Die Kombination aus moderatem Weltwirtschaftswachstum und mehrheitlich expansiver Geldpolitik komme riskanteren Vermögenswerten wie Aktien zugute, meint Christophe Bernard von Vontobel. "Die Bewertungen sind bestenfalls fair."

Staatsanleihen der europäischen Kernländer - allen voran deutsche Bundesanleihen - und US-Treasuries würden voraussichtlich geringe Verluste erleiden. Gleichzeitig werde sich das Segment der Unternehmensanleihen, beispielsweise hochverzinsliche Papiere, gut behaupten, da eine Rezession ziemlich unwahrscheinlich sei.

"Ob sich Aktien und Anleihen der aufstrebenden Volkswirtschaften erholen, hängt stark von der Stabilisierung der Rohstoffpreise ab", ergänzt Bernard. Die aktuelle Reaktion auf der Angebotsseite scheine nicht auszureichen, um die Märkte ins Gleichgewicht zu bringen. "Unter dem Strich sind die Aussichten auf hohe Renditen auf den Finanzmärkten relativ verhalten, da hyperaktive Währungshüter die Bewertungen in die Höhe getrieben haben."

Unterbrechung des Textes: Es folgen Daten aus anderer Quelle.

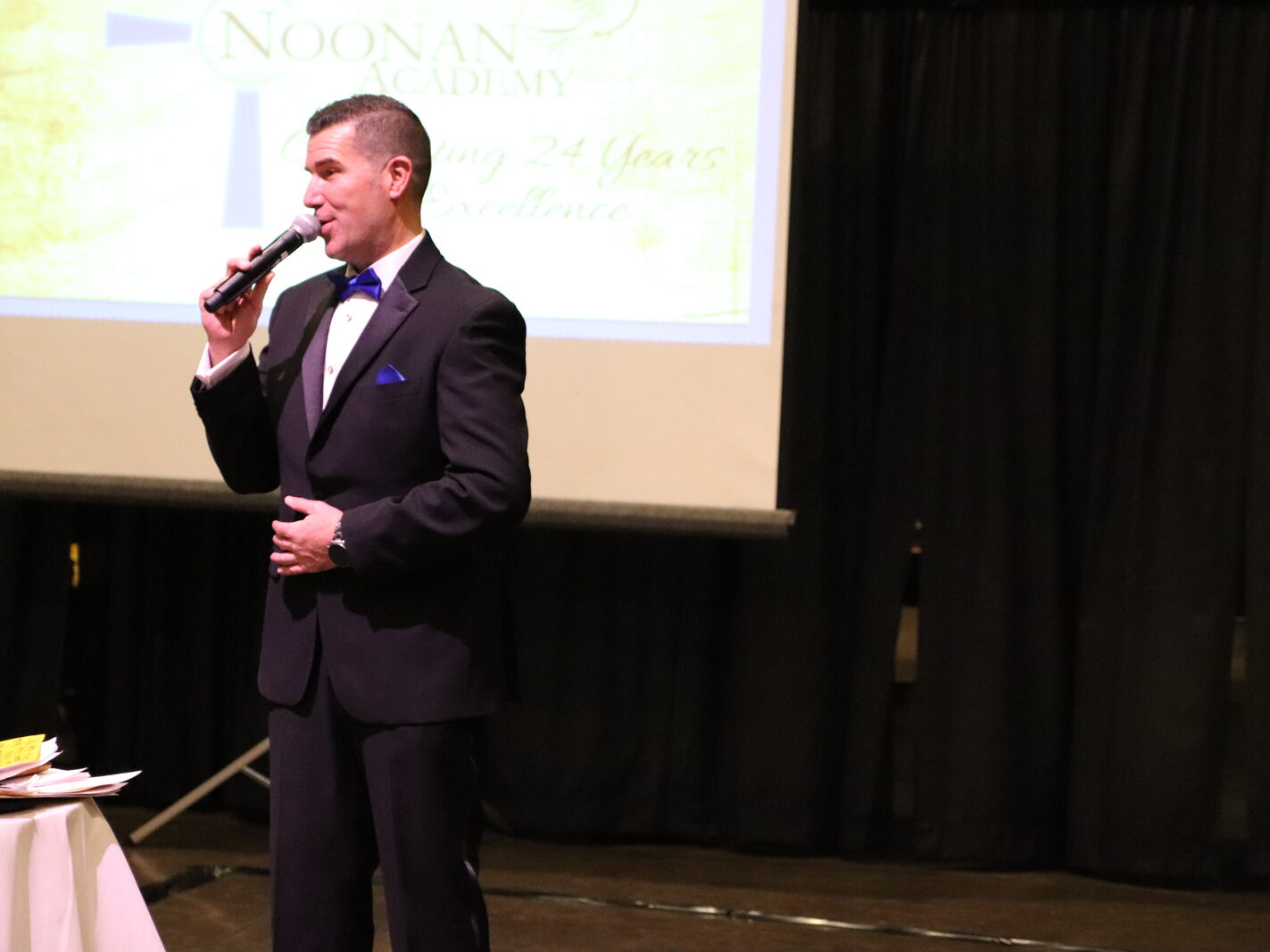 Benevolent Auctions team consulting with an event planner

Nochmalige Lockerung im Euroraum?

"2016 wird sich für Investoren einiges ändern", bemerkt Jörg Krämer, Chefvolkswirt der Commerzbank, mit Blick auf die höheren US-Leitzinsen. "Die Rohstoffpreise dürften nach ihrer mehrjährigen Talfahrt zumindest einen Boden finden." Vieles werde einem 2016 allerdings auch bekannt vorkommen: Die Konjunktur in den USA laufe, während im Euroraum der Knoten wohl erneut nicht platzen werde. "Deshalb dürfte die EZB ihre Geldpolitik im Zweifel weiter lockern, was wiederum den Euro belasten und den Aktien Rückenwind geben werde. "Das größte Risiko bleiben die Emerging Markets."

Im Gegensatz zu 2015 werde die Rendite zehnjähriger Bundesanleihen 2016 keine neuen Tiefs markieren, sondern unter deutlichen Schwankungen moderat steigen.

Das DAX-Ziel für Ende nächsten Jahres liegt bei 12.600 Punkten. "Im Jahresverlauf dürfte der DAX natürlich immer wieder absacken - etwa wegen Sorgen um China."

Der Euro/US-Dollar-Wechselkurs werde sich voraussichtlich in Richtung Parität bewegen - wegen der klar divergierenden Geldpolitik in den USA und im Euroraum.